Tidak dapat dipungkiri, kendati industri terus diperkuat, pada kenyataannya
kita masih bergantung pada ekspor bahan mentah, termasuk dalam bidang
pertanian. Bahkan, kini sektor pangan menjadi masalah serius yang sangat
rentan mengganggu perekonomian kita.
Sebagai negara
yang berketuhanan, tidak patut bila kita membiarkan kemiskinan terus
menggelayuti para petani. Apalagi, petani adalah aktor-aktor penggerak
ketahanan pangan nasional yang secara tidak langsung berkaitan sangat erat
dengan kehidupan banyak orang. Di sisi lain, sektor pertanian telah mengurangi
jumlah penganggur. Bila terus dibiarkan seperti ini, alih profesi akan
terjadi secara besar-besaran. Walhasil, beban pemerintah untuk menyediakan
lapangan pekerjaan akan semakin besar.
Kurangnya
perhatian pemerintah terhadap petani juga dapat diartikan sebagai
pengkhianatan terhadap sila kemanusiaan yang adil dan beradab. Kemiskinan
petani yang semakin menjadi-jadi tentu tidak lepas dari sistem yang tidak
mendukung. Coba lihat, maraknya alih fungsi lahan produktif tak syak
menggeser para petani dari pekerjaannya memenuhi kebutuhan pangan nasional.
Sarana dan prasarana di desa tidak memadai akibat ketimpangan pembangunan
yang lebih mementingkan kota dan melupakan pedesaan. Sistem koperasi desa,
yang seharusnya menjadi sumber penyertaan modal bagi para petani, gagal
total. Di sisi lain, akses terhadap teknologi hampir tertutup bagi pedesaan.
Belum lagi, penyuluhan pemerintah di lapangan kerap mendewakan formalitas
yang tidak mampu mencerdaskan para petani.
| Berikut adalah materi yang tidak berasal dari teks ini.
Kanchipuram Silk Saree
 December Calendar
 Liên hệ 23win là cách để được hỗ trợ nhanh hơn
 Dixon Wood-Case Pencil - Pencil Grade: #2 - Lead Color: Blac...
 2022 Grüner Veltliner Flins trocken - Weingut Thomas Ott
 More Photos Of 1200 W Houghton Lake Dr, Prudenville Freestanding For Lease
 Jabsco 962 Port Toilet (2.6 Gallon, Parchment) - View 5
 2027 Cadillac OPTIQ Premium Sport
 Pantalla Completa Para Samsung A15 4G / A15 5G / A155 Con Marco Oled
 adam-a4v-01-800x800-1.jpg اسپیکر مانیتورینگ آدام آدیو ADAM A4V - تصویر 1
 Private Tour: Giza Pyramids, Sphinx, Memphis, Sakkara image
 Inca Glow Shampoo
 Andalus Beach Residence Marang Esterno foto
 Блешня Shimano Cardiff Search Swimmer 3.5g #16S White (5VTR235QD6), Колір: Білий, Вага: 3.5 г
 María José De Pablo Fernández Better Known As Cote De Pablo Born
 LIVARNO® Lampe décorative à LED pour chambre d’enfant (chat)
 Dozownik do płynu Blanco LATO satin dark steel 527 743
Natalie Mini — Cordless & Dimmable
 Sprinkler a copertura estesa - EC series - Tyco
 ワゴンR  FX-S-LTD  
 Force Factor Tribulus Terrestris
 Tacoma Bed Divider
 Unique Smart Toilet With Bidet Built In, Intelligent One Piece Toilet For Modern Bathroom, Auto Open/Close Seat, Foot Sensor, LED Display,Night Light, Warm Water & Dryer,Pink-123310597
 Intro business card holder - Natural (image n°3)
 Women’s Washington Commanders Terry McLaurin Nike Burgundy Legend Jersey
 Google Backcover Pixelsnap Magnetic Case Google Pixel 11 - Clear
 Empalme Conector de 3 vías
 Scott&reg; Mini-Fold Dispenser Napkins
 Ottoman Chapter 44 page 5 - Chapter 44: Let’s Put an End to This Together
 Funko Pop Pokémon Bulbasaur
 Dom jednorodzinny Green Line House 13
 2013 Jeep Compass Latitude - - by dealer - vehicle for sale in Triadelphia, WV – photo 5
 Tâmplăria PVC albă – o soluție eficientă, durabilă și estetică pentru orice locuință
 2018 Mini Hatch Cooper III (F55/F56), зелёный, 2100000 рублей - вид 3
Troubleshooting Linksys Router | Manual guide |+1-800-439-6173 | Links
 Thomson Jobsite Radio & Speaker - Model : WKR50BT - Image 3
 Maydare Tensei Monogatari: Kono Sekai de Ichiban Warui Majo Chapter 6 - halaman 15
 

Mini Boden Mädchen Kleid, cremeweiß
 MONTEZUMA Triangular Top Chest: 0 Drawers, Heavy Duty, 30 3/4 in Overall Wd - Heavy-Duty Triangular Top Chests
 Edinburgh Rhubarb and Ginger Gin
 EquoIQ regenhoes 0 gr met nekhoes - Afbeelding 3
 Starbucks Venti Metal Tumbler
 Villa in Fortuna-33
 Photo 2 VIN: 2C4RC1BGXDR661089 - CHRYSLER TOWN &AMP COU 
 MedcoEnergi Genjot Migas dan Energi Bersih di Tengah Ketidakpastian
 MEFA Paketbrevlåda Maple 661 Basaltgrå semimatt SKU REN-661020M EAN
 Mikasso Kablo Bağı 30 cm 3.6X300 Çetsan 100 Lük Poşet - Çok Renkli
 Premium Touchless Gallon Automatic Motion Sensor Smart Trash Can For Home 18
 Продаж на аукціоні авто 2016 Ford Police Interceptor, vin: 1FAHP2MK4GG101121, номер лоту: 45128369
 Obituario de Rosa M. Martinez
Terakhir, tidak ada sistem
distribusi lahan yang adil, sehingga para petani gurem semakin miskin dan
tertindas.
Lantas,
bagaimana mungkin kita dengan mudahnya berharap persatuan itu terjadi begitu
saja? Padahal, di lapangan, tidak jarang para petani berkonflik dengan para
pengusaha. Bahkan, ada kalanya aparat keamanan ikut tersangkut dalam pusaran
konflik. Menurut data yang dirilis Konsorsium Pembaharuan Agraria (KPA) pada
2013, terdapat peningkatan kuantitas konflik agraria sebesar 86,36 persen
dibanding pada tahun sebelumnya, yang hanya mencatat 198 kasus. Sepanjang
tahun lalu pula konflik ini menewaskan 21 orang, sedangkan 30 orang tertembak
dan 130 lainnya dianiaya.
Keadilan pun
tercerabut. Pemilik modal menguasai ribuan hektare tanah, sementara petani
penggarap direnggut tanahnya tanpa rasa kemanusiaan. Betapa kelirunya
pemerintah tatkala keadilan hanya ditujukan bagi siapa saja yang mampu
memberikan manfaat besar bagi negara-bila tidak dapat disebut bagi sekelompok
elite penguasa.
Setelah semua
ini terjadi, pertanyaannya adalah ke manakah pihak eksekutif, legislatif, dan
yudikatif? Sebagai pengeksekusi undang-undang, mereka seharusnya mampu
menelusuri secara mendalam apa maksud dari sebuah undang-undang, termasuk UU
No.50/1960. Eksekutiflah yang membuat program-program untuk petani yang
sesungguhnya didasari Pancasila, UUD 1945, dan peraturan turunanannya.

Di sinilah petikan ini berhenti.